Qatari aluminum smelter Qatalum also began shutting down in early March due to a shortage of natural gas, which is used for producing a large amount of electricity to power aluminum smelters. The company has noted that it could take six to 12 months to restart production.
Ewa Manthey, commodity strategist at ING Groep NV, told the Washington Examiner via email that the aluminum supply is “exposed to geopolitics” because production and trade are highly concentrated in the Middle East and rely on the Strait of Hormuz, a key shipping route that has been effectively closed since the start of the war in late February.
“Short disruptions can be absorbed, but prolonged shocks quickly tighten supply and lift physical premiums,” Manthey said.
The price of aluminum has recently hit a four-year high after the attacks on the two key Middle East sites, with futures rising from $3,044 on Feb. 28 to $3,411 by April 1 after the attacks.
Growing demand for aluminum is also playing a pivotal role in squeezing the supply chain.
Joe Quinn, executive director of the SAFE Center for Strategic Industrial Materials, told the Washington Examiner that demand for aluminum is increasing due to growing use in the transportation sector and energy transition.
“You are never more than six feet away from aluminum,” Quinn said.
Quinn said the U.S. relies heavily on aluminum sites in the Middle East, noting that not many countries produce aluminum.
“The situation in Iran has become a lot more acute,” Quinn said. “We’re waiting for the damage reports to come out, but it seems to be indicating there could be, at the high end, 5 million metric tons are going to be taken off of the global supply globally in one day.”
Quinn noted that it will take time to restore operations at the aluminum sites in the Middle East. For instance, once power is lost, molten aluminum quickly solidifies within hours and reheating needs to happen gradually.

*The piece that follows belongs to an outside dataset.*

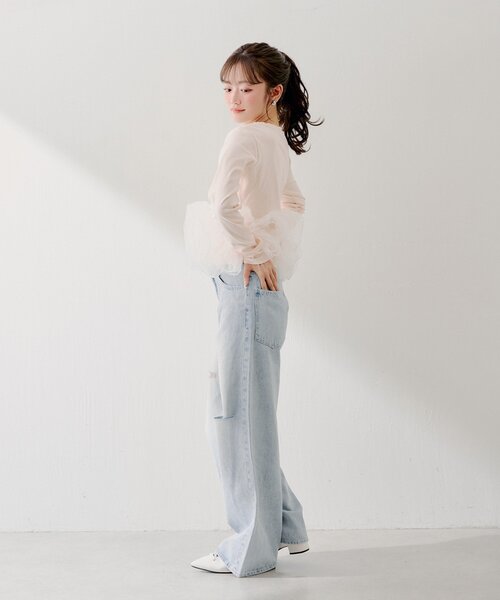 Chico（チコ） tシャツ 「SALON by Chico」チュールデザインドッキング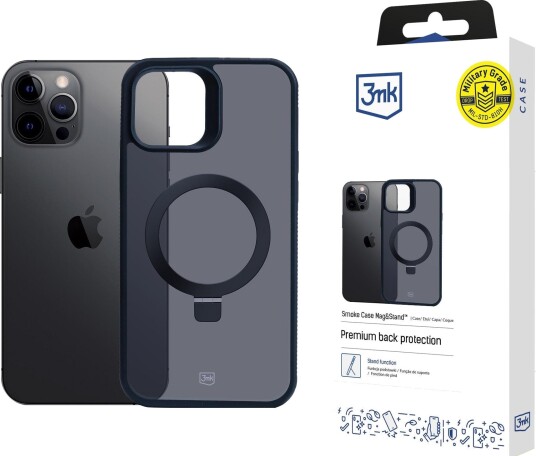 3mk Smoke Case Mag&Stand til Apple iPhone 12 Pro Max – svart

However, global supplies of aluminum have been diminishing long before the war in Iran.
China is one of the largest exporters of aluminum, but production has remained limited as it nears a self-imposed production cap intended to control oversupply and reduce emissions. Mozambique’s largest aluminum smelter closed last month due to a failure to secure energy.

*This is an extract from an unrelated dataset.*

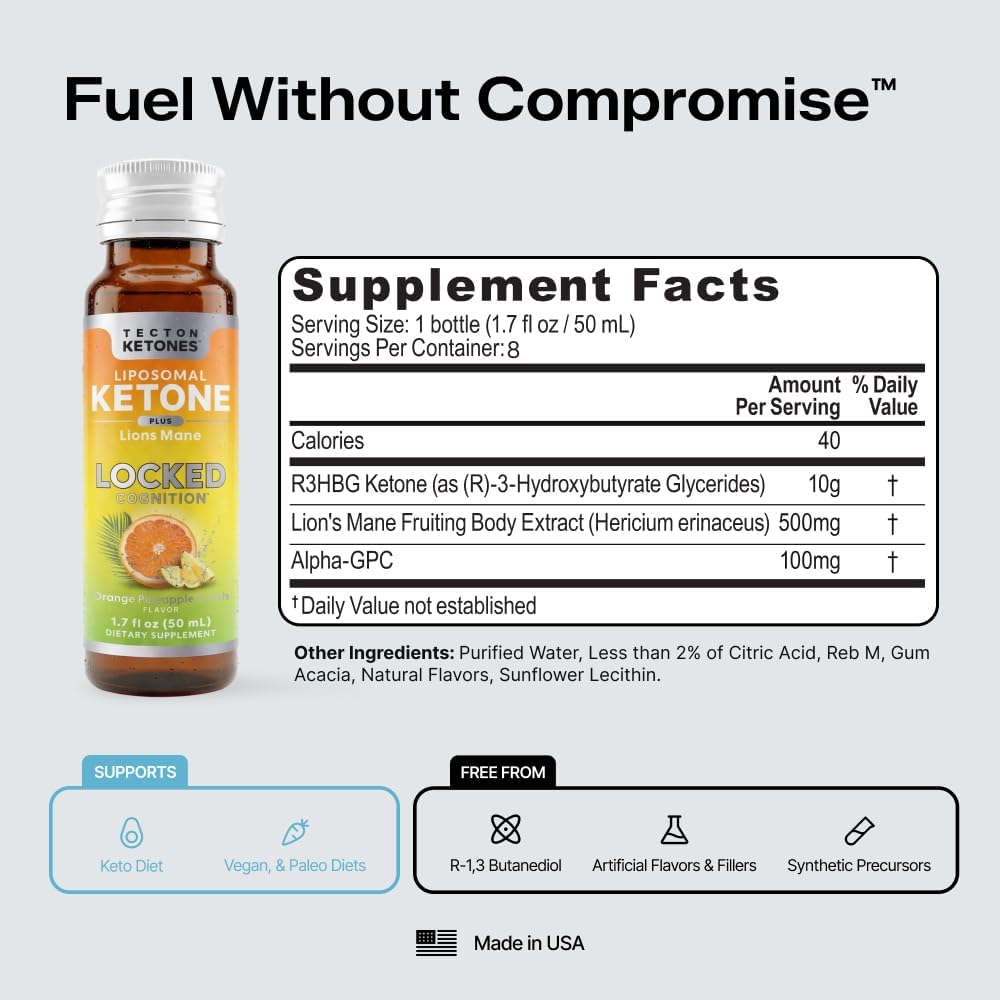 Tecton Ketones – Cognition Shot – Orange Pineapple Crush – 8 Pack - image 4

Then, Europe has become heavily reliant on aluminum from the Middle East as domestic production has dropped because of higher energy costs caused by Russia’s invasion of Ukraine.
In 2024, the Middle East supplied close to 1.98 million tons to Europe, according to the International Aluminum Institute. It added that the share has likely grown further in 2025 due to restrictions on Russian materials. The European Union banned imports of aluminum wire, foil, and extruded products.
Outside of the Middle East, Canada remains the U.S.’s largest supplier of aluminum, even though trade relations between the two countries have been tense.
President Donald Trump last year imposed sweeping tariffs on Canadian steel and aluminum. As of 2024, nearly 3.2 million tons of aluminum were imported from Canada to the U.S.
Recently, the White House modified tariffs on steel, aluminum, and copper imports and products. The previous tariffs were based on how much metal like steel or aluminum was inside a product at a 50% rate. The administration’s changes now taxes the entire value of the product.
For example, there will be a 25% tariff on finished products substantially made with imported steel, aluminum and copper. Then, rates for products almost or made entirely of aluminum, steel, or copper will be at 50%. The administration has imposed sweeping tariffs as a way to boost domestic production.
However, domestic production of aluminum is very low, with only a few operating aluminum smelters in the U.S.
Earlier this year, EGA and Century Aluminum announced a proposed project to build a new aluminum smelter in Oklahoma. The proposed project is expected to produce 750,000 metric tons of aluminum per year. But it would take several years to build and begin production.
Quinn noted that a decision on whether to move forward with the project is expected by the end of the year.
“We’ll know come Christmas, if the United States [is] serious about strengthening these securing supply chains for aluminum,” Quinn said.